I Mondiali, il futuro ct azzurro e una domanda

Non cala il dibattito intorno al ct azzurro Mallett e Rugby 1823 ci racconta gli ultimi sviluppi.
Una piccola nota a margine: siamo sicuri che la questione-allenatore sia così importante per i Mondiali dell’Italia? Si fa sempre il paragone con Francia 2007, dove è vero che Berbizier aveva annunciato l’addio, ma dove si era arrivati anche alla fine di un ciclo, cosa che non si può certo dire del gruppo attuale. Penso che chiunque si troverà in panchina a Nuova Zelanda 2011 si giocherà tutto il 2 ottobre a Dunedin contro l’Irlanda. Partita secca, dentro o fuori. E allora, tenendo conto anche del nostro status di squadra di seconda fila, non sarebbe meglio pensare più al Sei Nazioni, nostro vero banco di prova e crescita?
Ora l’articolo di Duccio Fumero:

Ottenuta la fiducia fino ai Mondiali 2011 grazie alla vittoria sulle Fiji, il futuro azzurro di Nick Mallett sembra però ormai segnato. Da un lato la sua ormai evidente insofferenza a un ambiente ostile, dall’altra la volontà del presidente Dondi di tentare una nuova via per raggiungere quell’ottavo posto nel ranking mondiale che era uno dei traguardi promessi all’inizio del suo ultimo quadriennio. E già è partito il totoallenatori, che dalla Francia riceve un forte scossone: Jacques Brunel.

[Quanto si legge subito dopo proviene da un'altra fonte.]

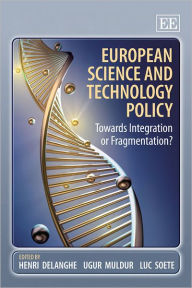 Title: European Science and Technology Policy: Towards Integration or Fragmentation?, Author: Henri Delanghe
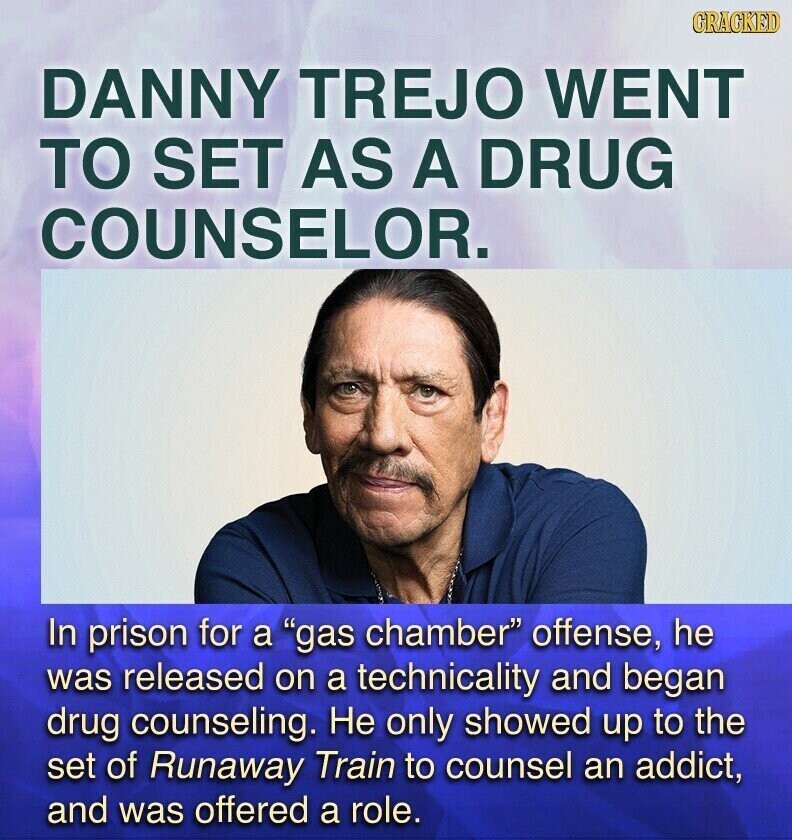CRACKED DANNY TREJO WENT TO SET AS A DRUG COUNSELOR. In prison for a gas chamber offense, he was released on a technicality and began drug counseling. Не only showed up to the set of Runaway Train to counsel an addict, and was offered a role.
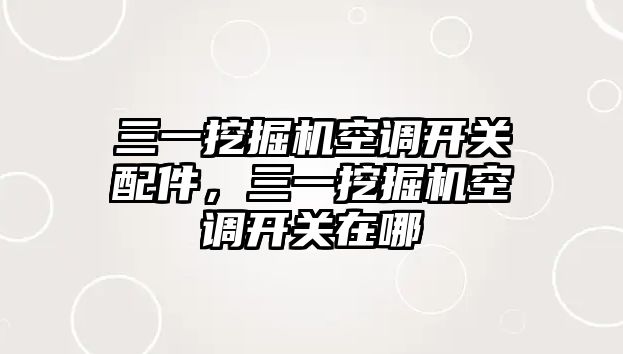 三一挖掘機空調(diào)開關配件，三一挖掘機空調(diào)開關在哪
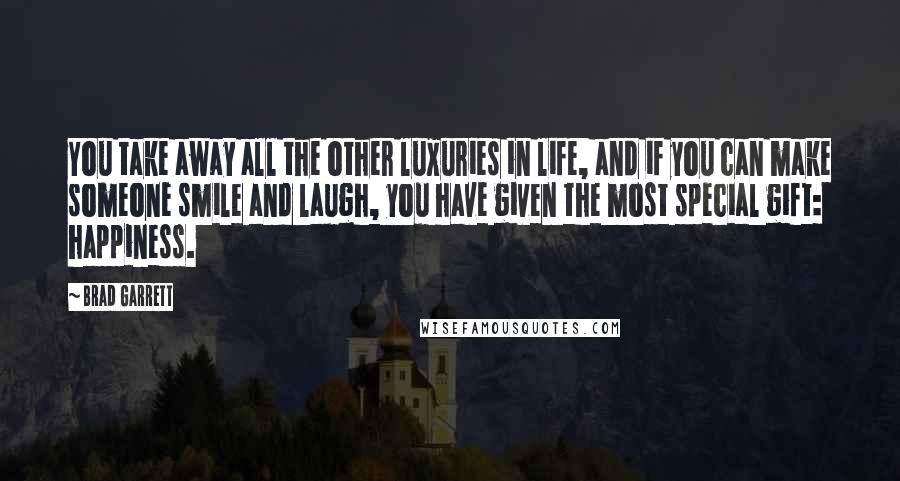 Brad Garrett Quotes: You take away all the other luxuries in life, and if you can make someone smile and laugh, you have given the most special gift: happiness.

Secondo quanto riportato ieri da Il Gazzettino, ma che già era un rumor fortissimo negli ambienti ovali e giornalistici francesi (Le Figaro addirittura indica in Jacques Delmas e Sean Holley, allenatore degli Ospreys, i suoi sostituiti sulla panchina catalana) sarebbe l’attuale tecnico del Perpignan, campione di Francia nel 2009, il prossimo allenatore dell’Italrugby. Tra il coach transalpino e la Fir ci sarebbe già una specie di precontratto e l’annuncio dovrebbe arrivare prima dell’inizio del prossimo Sei Nazioni. Insomma, come paventato da questo blog alcuni mesi fa, l’Italia di Nick Mallett arriverà all’appuntamento mondiale con un allenatore con la valigia. Ma tant’è.
Jacques Brunel è nato a Courrensan il 14 gennaio 1954 ed è stato un giocatore del Grenoble, il Carcassonne e l’Auch. Da allenatore, dopo lunga gavetta, ha ricoperto il ruolo di coach degli avanti della Francia nel mondiale del 2007 e, poi, si è seduto sulla panchina del Perpignan, con cui si è laureato campione di Francia nel 2009. Secondo quanto riporta Il Gazzettino, con Brunel dovrebbe giungere anche Serge Milhas, attualmente tecnico de La Rochelle, ma molto legato al coach del Perpignan. A chiudere lo staff tecnico dell’Italrugby, come scrive Antonio Liviero, anche un tecnico italiano. Si fa il nome di Alessandro Troncon, anche se, personalmente, credo che la scelta di Gianluca Guidi a coach dei trequarti degli Aironi sia un chiaro segnale verso un’altra direzione.